First thing, googled up every possible combination of all the keywords that made sense. Yet all I’ve found on the subject was one single forum thread. They came up with the following.

  • Increase row ID by element weight on each element insert.
  • Query a random element by generating a random ID between the first and latest and return the row with the nearest lower ID.
  • Update weights by rebuilding the table from the row in question.

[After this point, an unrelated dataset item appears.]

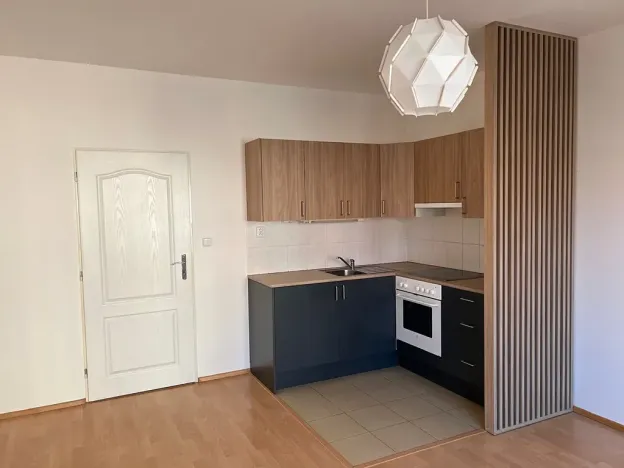 Pronájem bytu 1+kk, Praha - Záběhlice, Velenovského, 30 m2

Needless to say, this solution is inferior at a high element count and outright unacceptable in real-time web applications. So, I was forced to put together a solution of my own.

Scraping the surface

The first idea that popped into my mind was an SQL approach with two tables: ‘Elements’ and ‘Multiplicity’. In ‘Elements’ go all the properties of the actual elements of the distribution, one row for each. In ‘Multiplicity’, rows are inserted or deleted each time an element’s weight is changed. A query goes as simple as this (MySQL):


SELECT * FROM Elements NATURAL JOIN Multiplicity ORDER BY RAND() LIMIT 1

(The join is there only to show that it’s the information in Elements that carries value for us. I could just as well select from Multiplicity and then look up the corresponding element by key. Also, I looked past the inefficiency of ORDER BY RAND() for the sake of compactness.)

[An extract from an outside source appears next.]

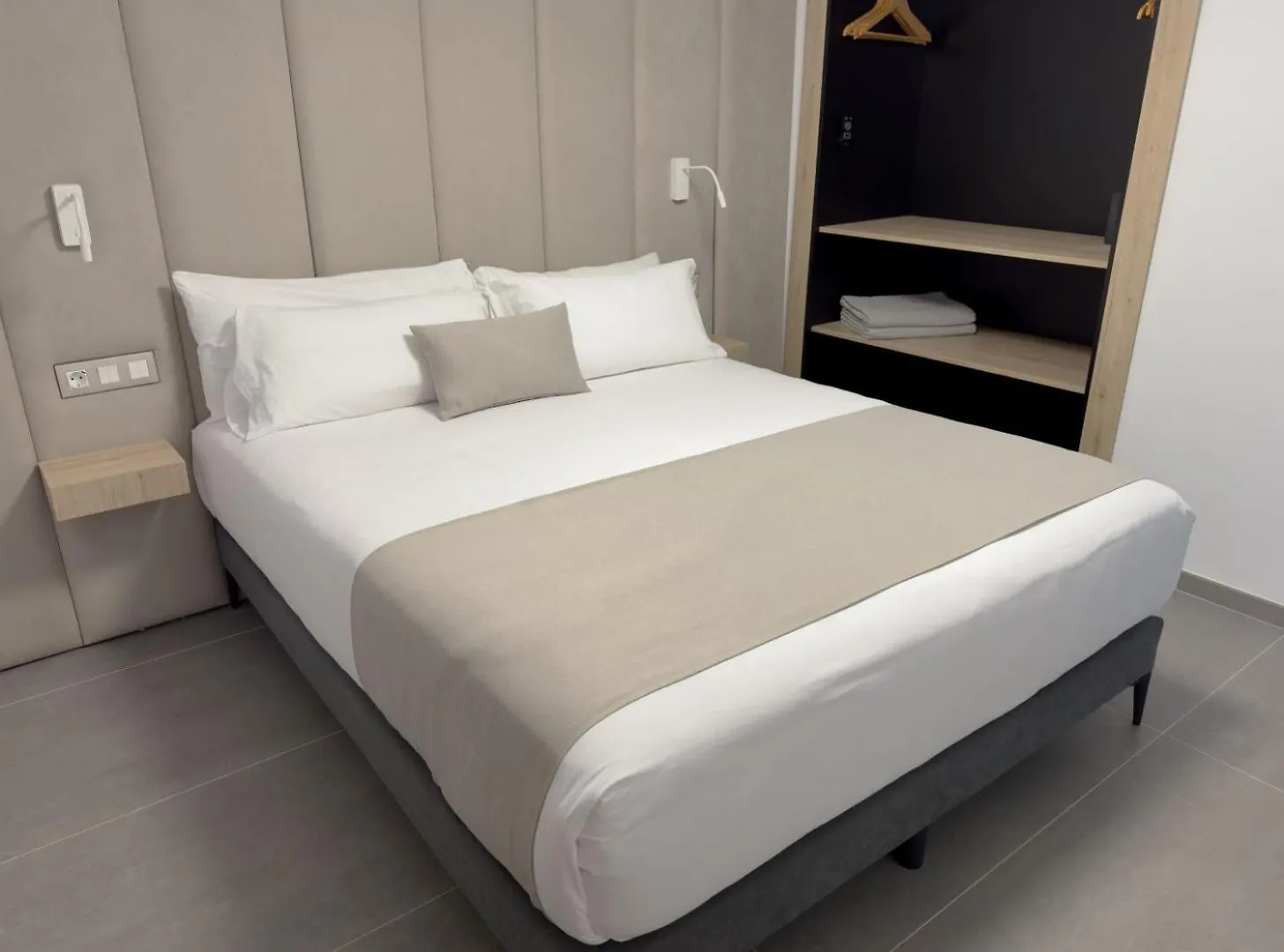 ***  Costa Adeje Garden Aparthotel Playa de las Americas  Španělsko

While the above does work, there are still problems. For one, only integer weights may be concerned. But I could live with that. The real problem is that every single unit of weight is another row in Multiplicity. Imagine just 1 million rows in Elements, each having an average weight of 1000. Looks like I’ve just added three magnitudes to my data storage needs. No doubt, this concept also fails, albeit for a different reason, on large-scale.

One that works

So, what’s the solution, that’s fast and doesn’t consume the entire Internet? Right after the SQL approach I started experimenting with something similar to the first solution (inserting and querying being the same as there), but I already knew that updating weight was not an option. And that was the key. I cannot update the weight in a row but I can update element properties. So what I do is insert the same element with the new weight and update the original row by removing all element properties and leaving only the weight, thus creating an empty, but weighted row. This empty row becomes a placeholder for a future element with the same weight. So before inserting an element I first check for a placeholder and insert only if there’s none. Otherwise I just update the placeholder. This way the IDs and weights remain consistent, and the method is applicable to real-time applications even with huge datasets.

There are only two minor problems. To keep the number of placeholders low, only a predefined set of weights may be used. Powers of two, Fibonacci numbers, et cetera. Secondly, empty elements count too in the querying process, distorting the relative weight of real elements. But this can be easily resolved by re-running the query again and again until it returns a real element.